INPUT Start Marker

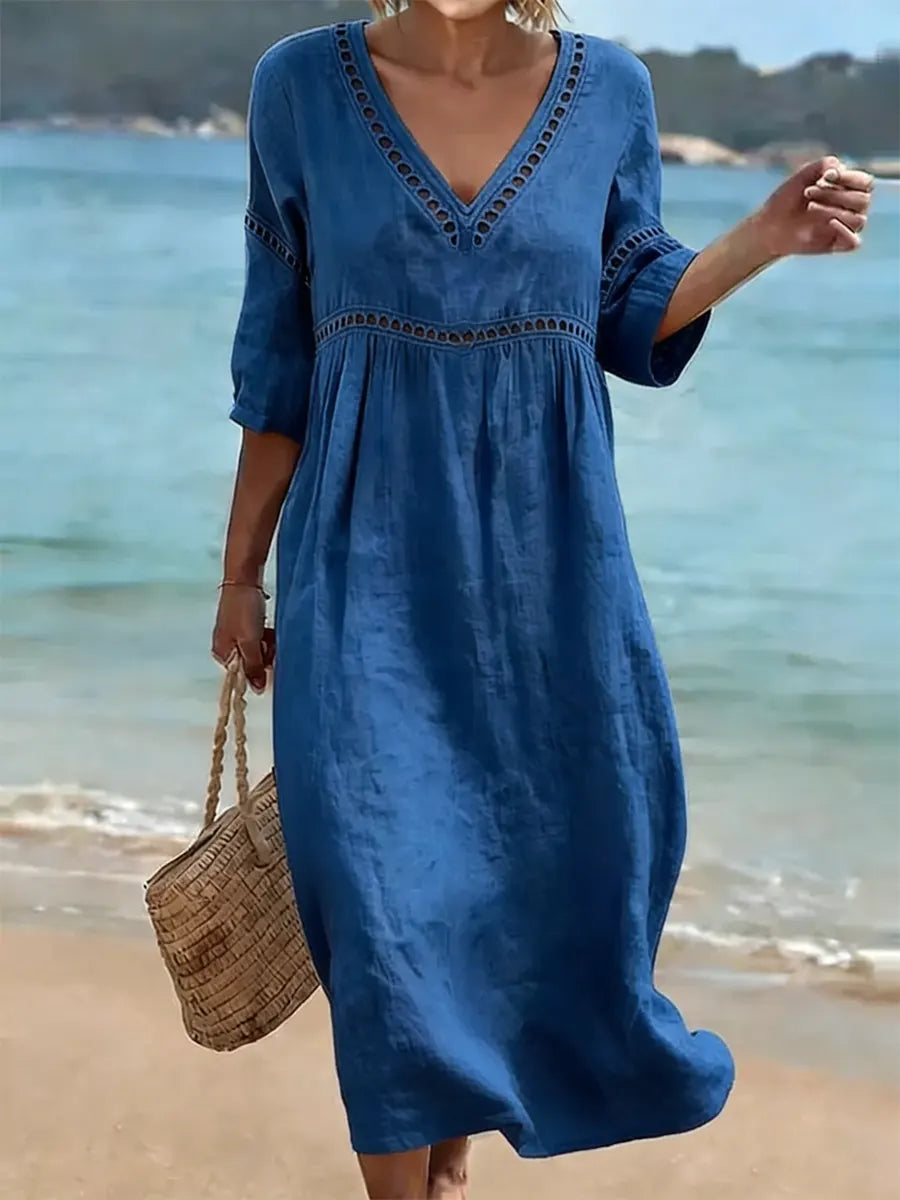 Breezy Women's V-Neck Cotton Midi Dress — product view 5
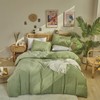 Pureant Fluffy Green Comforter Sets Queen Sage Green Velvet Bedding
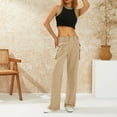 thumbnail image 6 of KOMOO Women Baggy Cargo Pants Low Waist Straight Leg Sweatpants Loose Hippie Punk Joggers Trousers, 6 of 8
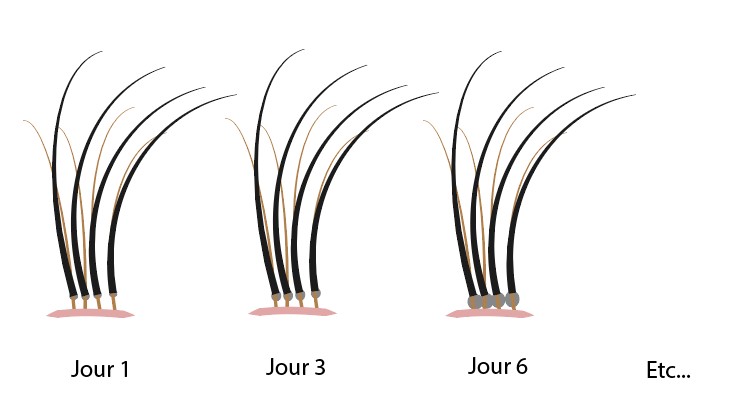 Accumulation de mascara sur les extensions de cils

INPUT End Marker
INPUT Start Marker

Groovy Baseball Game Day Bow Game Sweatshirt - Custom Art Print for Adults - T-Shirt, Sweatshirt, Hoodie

INPUT End Marker
INPUT Start Marker

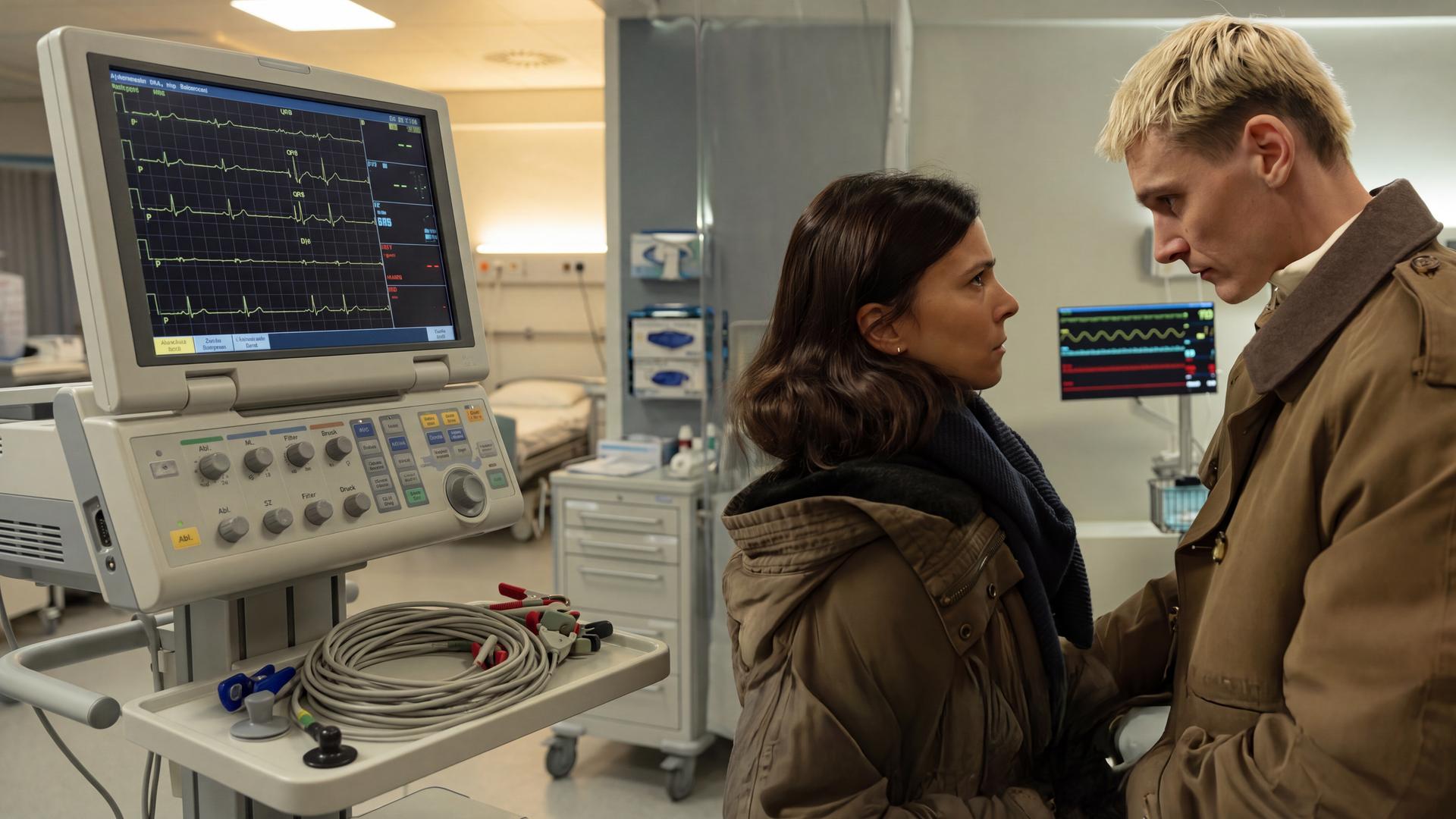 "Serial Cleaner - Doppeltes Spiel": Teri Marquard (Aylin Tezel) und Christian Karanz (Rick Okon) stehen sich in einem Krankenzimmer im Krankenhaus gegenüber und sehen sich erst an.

INPUT End Marker

* [EXERCISE DIRECTIONS] In the listing above, find the line with "Pureant Fluffy Green" and the line with "Accumulation de mascara". Set down exactly those lines and everything between them, skipping pictures.

* [EXERCISE OUTPUT]
 Pureant Fluffy Green Comforter Sets Queen Sage Green Velvet Bedding
 thumbnail image 6 of KOMOO Women Baggy Cargo Pants Low Waist Straight Leg Sweatpants Loose Hippie Punk Joggers Trousers, 6 of 8
 Accumulation de mascara sur les extensions de cils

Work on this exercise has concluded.